Boris Johnson to break promise for 1000 more police officers
Adam Bienkov | Thursday 31 May, 2012 10:59
Boris Johnson today admitted that he will not keep his pledge to put an extra 1000 police officers on the streets by the end of his second term as Mayor.
Asked whether he would keep the promise in his 9 point plan for Greater London for “1000 more police officers on the beat” he replied:
“If you are saying am I pledging to have more than 33,000 [police officers] by 2016 then no that’s not what I’m saying.”
Questioned today by Labour London Assembly Member Tom Copley, he claimed that Labour had made a “wilful misconstruction” of the pledge which he claimed was only to keep police officer numbers “high.”
“No I’m sorry I think there has been some misunderstanding here, I don’t know perhaps a wilful misconstruction of what I said. I made it abundantly clear during the election campaign that we had produced a 1000 more full time warranted officers than there were when I was elected. Looking forward to 2016, Tom, as I said many times before, what I pledged to do was use the budgets that we have available to keep numbers high until the end of the [Comprehensive Spending Review] period in 2015 but thereafter clearly there’s a new fight and we’ll have to go in and make the case for high police numbers in London.”
Reading out the Mayor’s fourth point of his nine point plan, Copley said:
“‘Making our streets and homes safer with a 1000 more police officers on the beat.’ That sounds an awful lot like a pledge for a 1000 more police officers by the end of your term.”

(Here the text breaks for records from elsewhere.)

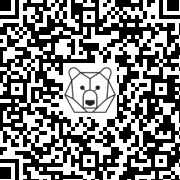 Lien QR Code SITTING WHITE LEON WITH TWO HUSKIES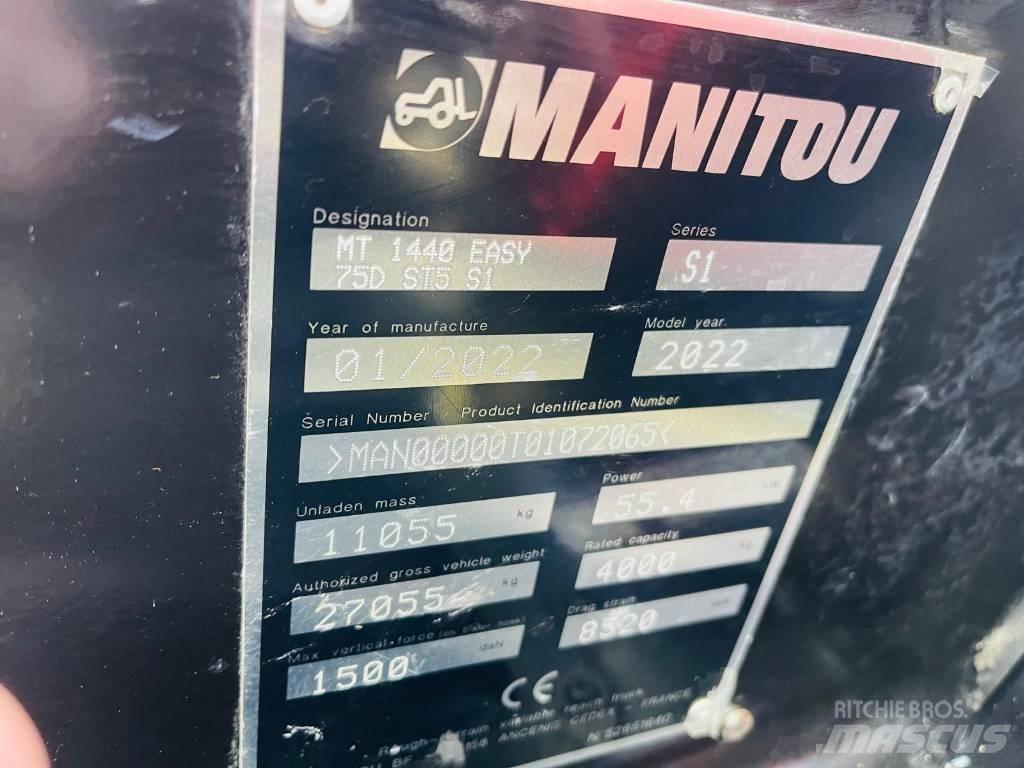 Manitou MT 1440 Easy Teleskopski viličari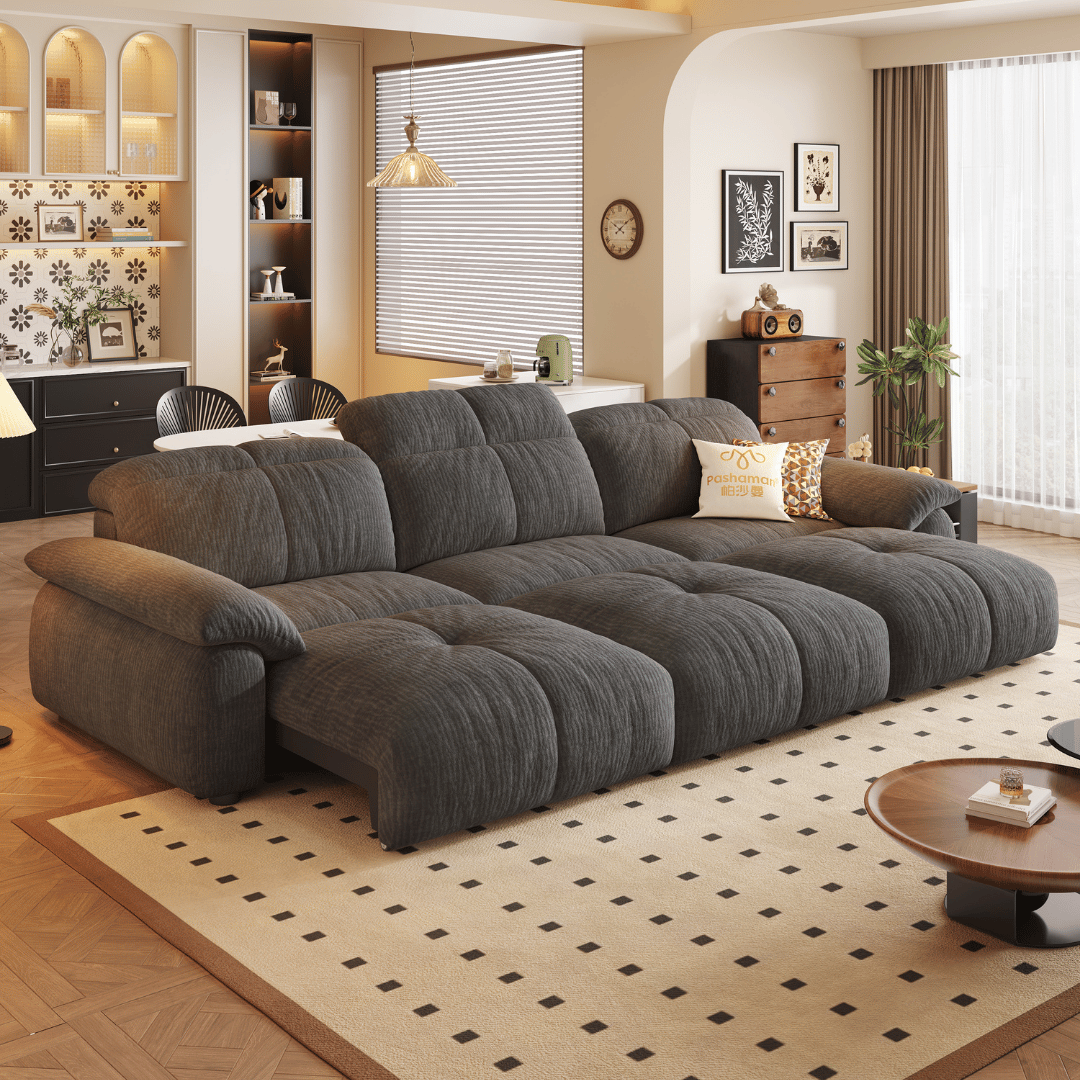 Wriggs Fabric Electric Sofa Bed by Esteller (Water Repellent & App + Remote Control)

Boris replied that this had been “forensically examined” and would only be misunderstood by people who had “been living on Mars” during the campaign.
Johnson’s “nine point plan” was heavily criticised during the campaign after it emerged that another promise to “put £445 back in your pocket” in council tax actually referred to a hypothetical saving produced during his first term as mayor, and was not a promise for his second term.